A data foi lembrada na Assembleia Legislativa pela deputada Maria Luiza Laudano (PSD). Em moção de congratulações apresentada na Casa, ela contou que a origem do povoamento da região é bem mais antiga, ainda no final do século XVII, quando surgiram as primeiras propriedades agropecuárias. "Uma delas foi denominada Olhos d’Água, que, por volta de 1850, já tinha virado uma arraial", afirmou ela, acrescentando que na época foi construída uma capela dedicada a Nossa Senhora da Conceição.
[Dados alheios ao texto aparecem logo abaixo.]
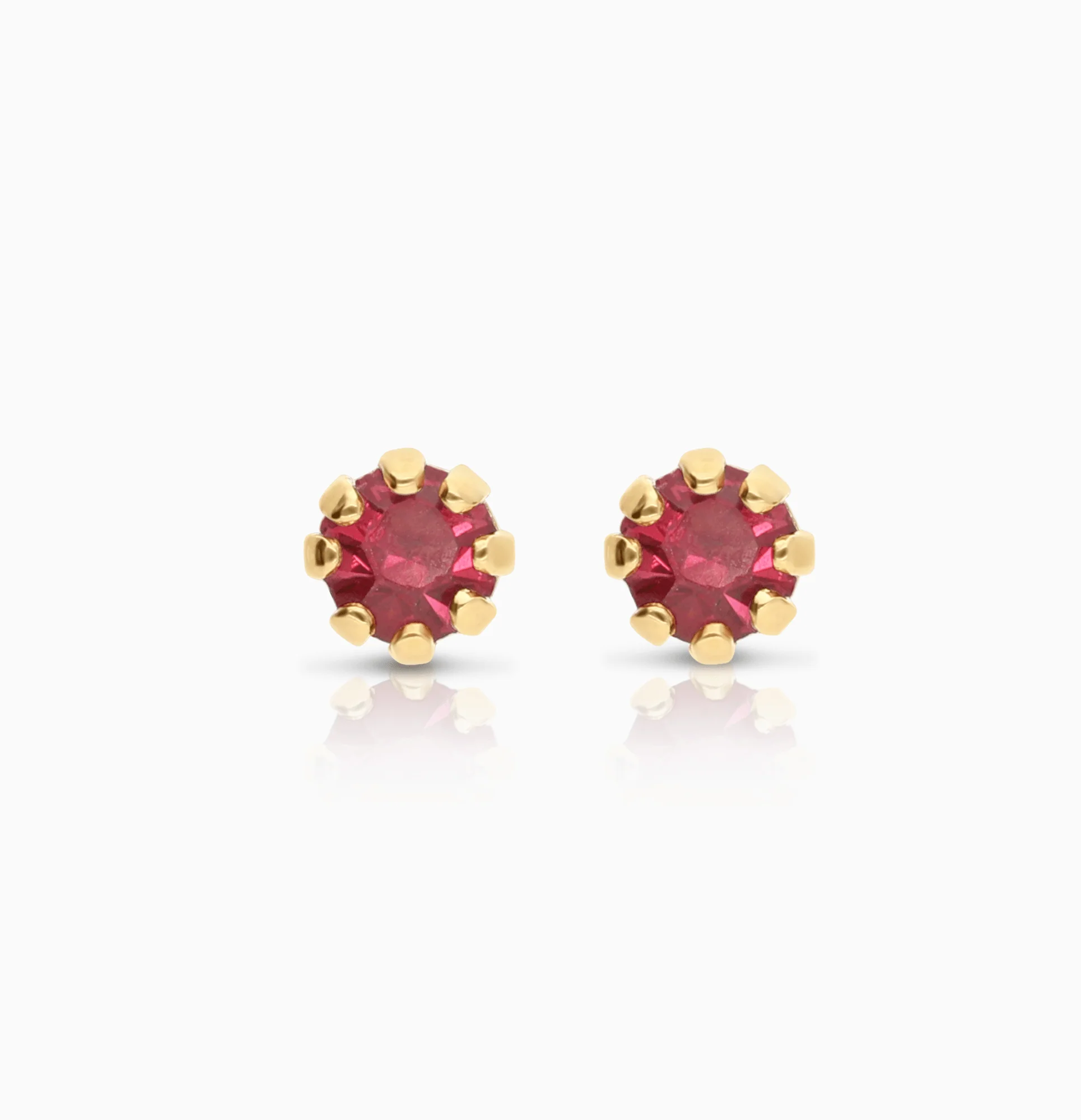 Gold Solitaire Earrings with Ruby 0.90g 18K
"Dado ao elevado número de fiéis e à eficiente assistência religiosa a eles prestada por ministro da Igreja Católica, foi criada, em 1879, a freguesia de Nossa Senhora da Conceição dos Olhos d’Água", dando à localidade a condição de sede de distrito da paz, pertencente ao município de Alagoinhas", contou Maria Luiza Laudano no documento. "Àquela altura, estava construída a estrada de ferro ligando Salvador a Juazeiro. Coube ao lugar de nome Aramari, a oito quilômetros de Olhos d’Água, um ponto de parada de trem. Formou-se nesse momento um povoado que lhe conservou o nome."